If you know the U.S., Amy’s second observation isn’t all that remarkable. It’s something that Moreau, Corwin and McGee note in their helpful textbook, Introducing World Missions. In a discussion ranging across their 14th chapter, “Relating to People of Other Cultures,” they consider friendship from a missions’ point of view. First, they speak of the need in all cultures to reduce uncertainty when meeting someone for the first time. Americans typically counter such hesitancy “by being friendly (upbeat, smiling, ‘chipper’) . . . in meeting strangers” (p. 234). This was the characteristic that struck Amy repeatedly while she was here. That’s how Americans come across, and my niece appreciated it.
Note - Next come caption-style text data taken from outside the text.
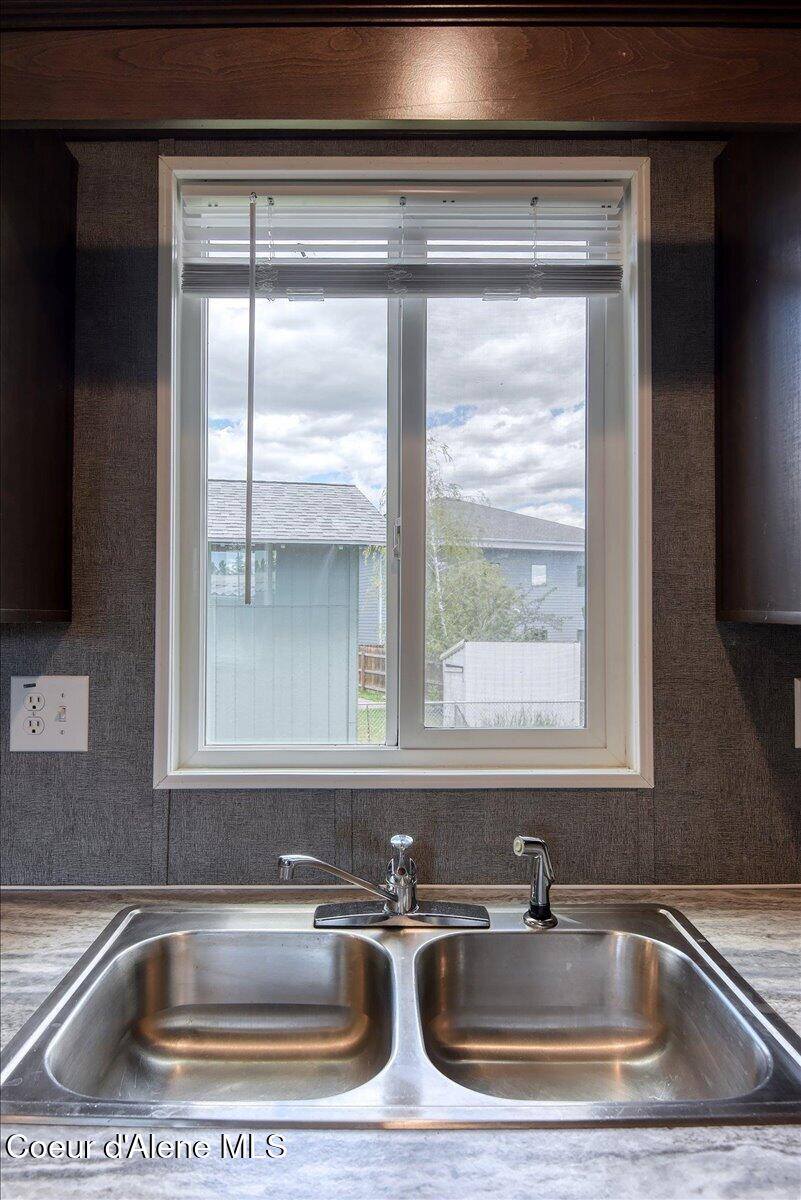 8747 North Starr Loop, Hayden, ID 83835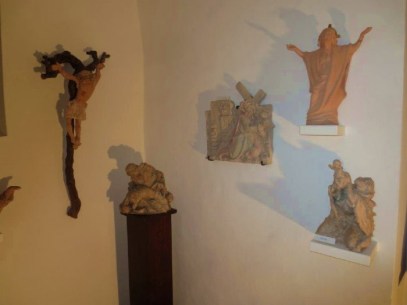 Vinzenz Schreiner - Arbeiten des Bildhauers aus Holz und Ton. © Josef Sturm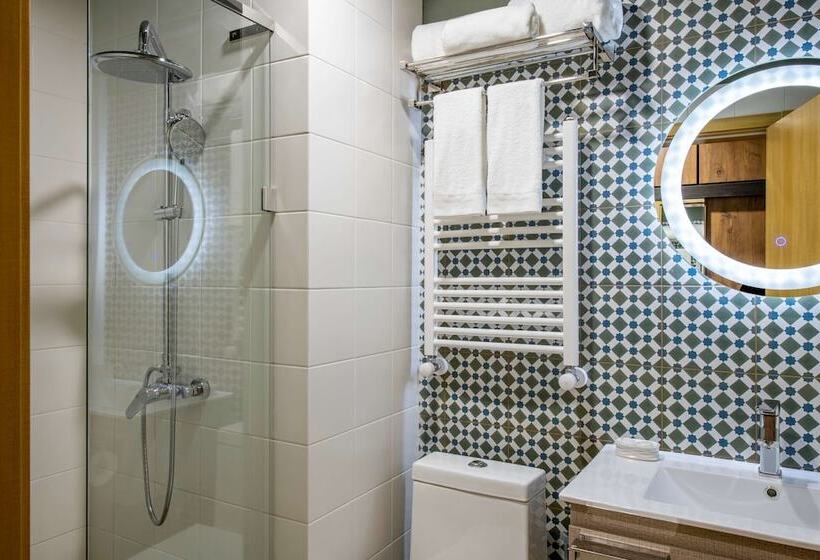 اتاق سوپریور با چشمانداز کوهستان, Best Western Gudauri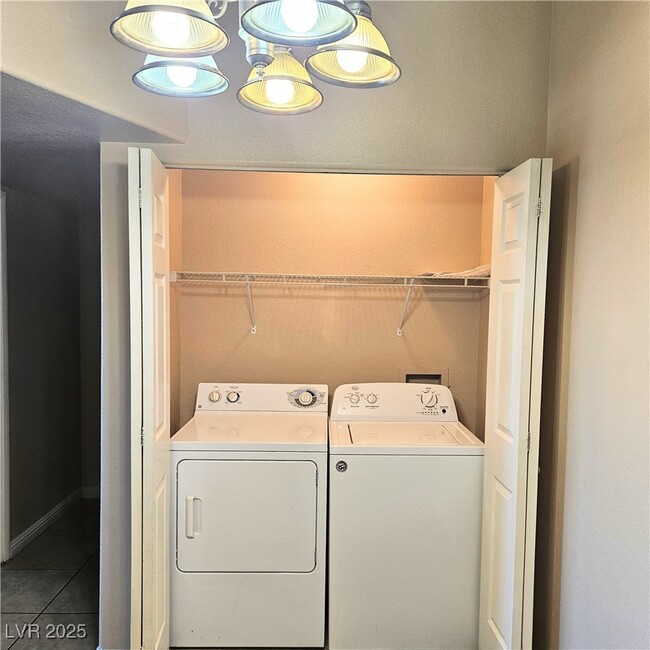 Building Photo - 2120 Ramrod Ave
But does initial, spontaneous friendliness translate into something more—into the depth of relationship? Addressing this, Moreau and company write of American friendships developing quickly (as with a child enthusing about the “new best friend” he or she made on the first day of school), but remaining rather shallow. In particular, they point out that “American friendships are formed in shared activities. They like to do things together. They have church friends, school friends . . . hobby friends, and the like” (p. 242). However, such activity-based friendship (ABF) has a downside. When folks “become interested in new activities or lose interest in old ones, they add or drop friendships related to those activities” (p. 242). This doesn’t mean folks act in an unfriendly way when they bump into their old acquaintances. If they have time, they may well enthuse how great it was to work/graduate/play/travel/participate with the person concerned. Unfortunately though, when the activity ended, the substance of the relationship would have ended too.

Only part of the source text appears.